Fewer than 1 percent of U.S. births now occur at home, about 30,000 a year, CDC data show. However, home births have been inching up since 2004, and a handful of states - including Pennsylvania, Montana, and Idaho - have a rate two to three times higher than the national average.
Those states have lots of the kinds of women who rely on midwives: poor, underserved patients and affluent, educated ones who want to experience childbirth with minimal medical intervention.
"I'm not a crazy hippie," said Dina Jenney, whose third child was born at home in Phoenixville. "We did a lot of research, a lot of soul-searching. But there were just so many things about home birth that were wonderful."
The crux of the study is that babies born at home are 10 times more likely to be stillborn and four times more likely to suffer seizures or neurological "dysfunction" than babies born in hospitals.
The authors suggest this is because of delays in emergency care for patients who must be transferred to a hospital. Several of the authors cited this issue in a recent editorial challenging the decision by the American College of Obstetricians and Gynecologists to acknowledge that women have the right to choose where to deliver.
"In the hospital," said Amos Grunebaum, director of obstetrics at New York Weill Cornell Medical Center and lead author of the study, "if you need an emergency cesarean section, you can do it quickly. If you have to transfer the woman to the hospital, it may not happen quickly enough."
Critics say the researchers read too much into the birth certificates, which are a sketchy source for medical outcomes. For example, the researchers used an indicator that a newborn was unresponsive - namely, a zero Apgar score five minutes after birth - as evidence of a death.
Another criticism involves the concept of risk. No matter the setting, zero Apgar scores and neurological problems were rare. However, these were rarest in hospitals, so, in comparison, homes were riskier.
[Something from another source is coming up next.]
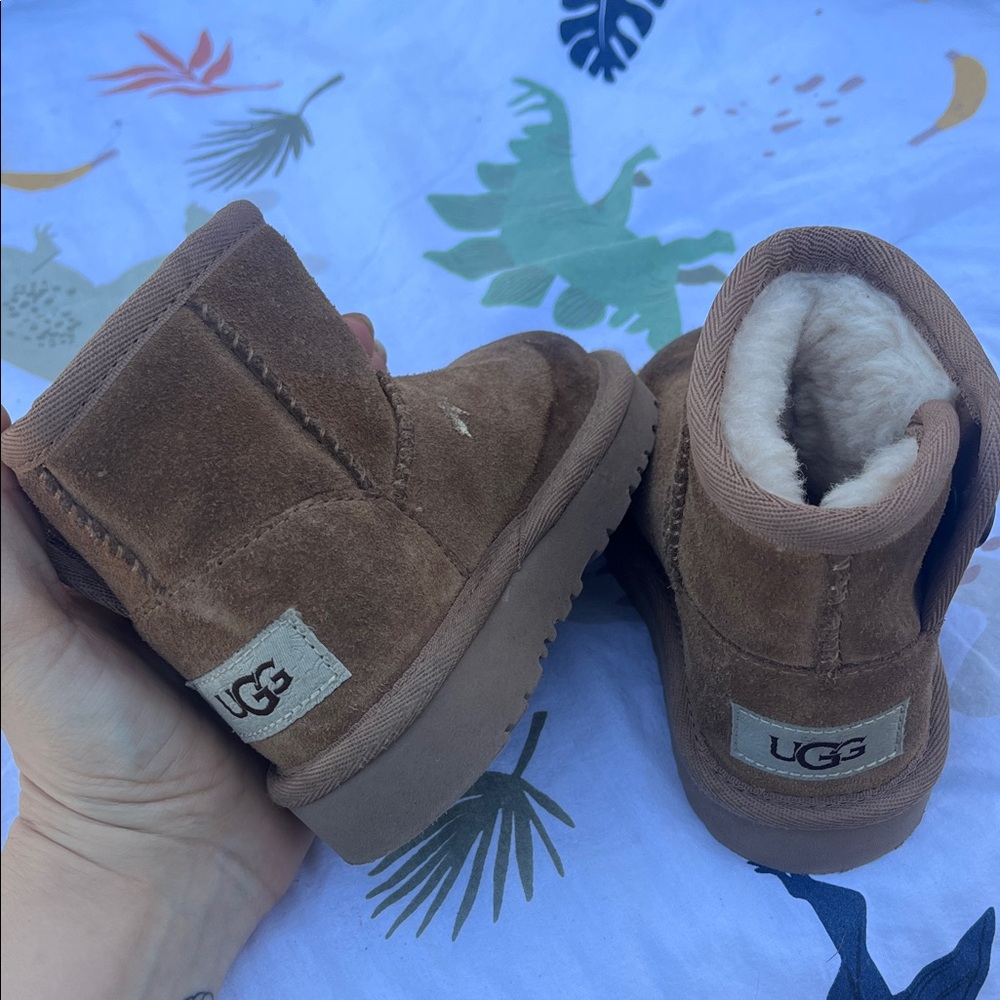 UGG Kids Tan Suede Boots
For each 1,000 births, zero Apgar scores occurred in 0.16 deliveries by hospital doctors, 0.55 deliveries by midwives in freestanding birth centers, and 1.63 home births.
"Using tiny numbers of rare outcomes to portray risks is not appropriate," said Dana Perlman, interim director of the Midwifery Institute of Philadelphia University.
To resolve the debate, the researchers advocate making hospital maternity units more homelike, with more midwives. Indeed, the study found even better outcomes for hospital deliveries by midwives than by physicians.
"I understand why women want" home birth, said Grunebaum. "They want an experience with less intervention - no Pitocin, no episiotomy, no epidural, no cesarean section."
Midwives say that's a nice idea - one that guides hospital-connected birth centers - but not realistic.
"You can make a hospital look like a five-star hotel, but it's not going to be homelike," said Rising Moon Midwifery founder Kate Aseron, who was Jenney's midwife.
At the March conference, MacDormand suggested another way.
"Even if [home births] are a little more risky, what do you do about it? Your solution seems to be, 'OK, let's shut it down.' My solution is ... let's make it safer. And the way to make it safer is to license midwives, have uniform training, support transfers, and make it part of the health-care system."